First appeared in print in The Rhinoceros Times, Greensboro, NC.


The Slammer, Manliness, and a bunch of books

How did I go so many years without knowing about the one-dollar local newspaper called The Slammer?

Or maybe it's not all that local. It calls itself the "Alamance, Forsyth, Guilford, and Randolph edition," so maybe there are a whole bunch of these throughout the country.

It would be reassuring to know that at least some of the people pictured therein were not local. But I have a sneaking suspicion that, except for a couple of national "feature" articles, every one of these people is a local volunteer.

Here's the concept: They print mug shots.

You know, the pictures taken by the police when you're arrested and brought in to the lockup. They include your name and what you were charged with.

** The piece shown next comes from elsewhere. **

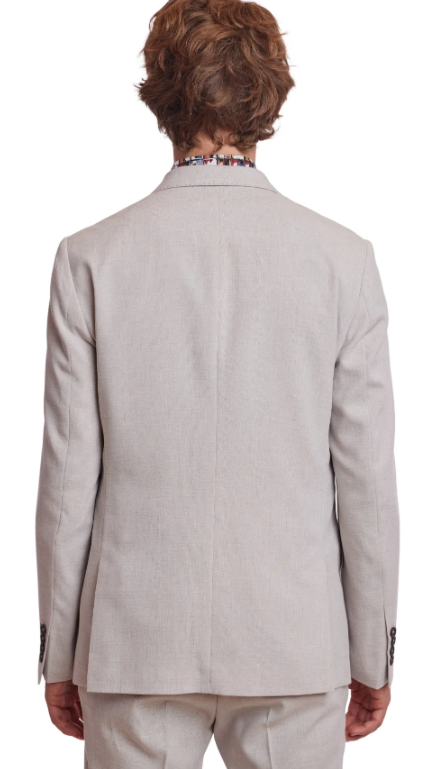 Dover Notch Jacket - slim - Lt Tan Melange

Now, these people didn't volunteer to appear in The Slammer. They simply volunteered to get themselves arrested, whereupon they were photographed. The photographs are then part of the public record and can be used without permission.

I think it goes without saying that few people are really at their best by the time they get to the picture-taking stage of an arrest.

Given that many of them are arrested for offenses related to alcohol or drugs, they were already somewhat under the weather before the process started. Which explains the very tired-looking hair and the heavy-lidded eyes. All they really want to do is go somewhere and sleep it off.

And guess what? They are in one of the very best places to sleep it off! Or at least, so it seemed with Otis on The Andy Griffith Show.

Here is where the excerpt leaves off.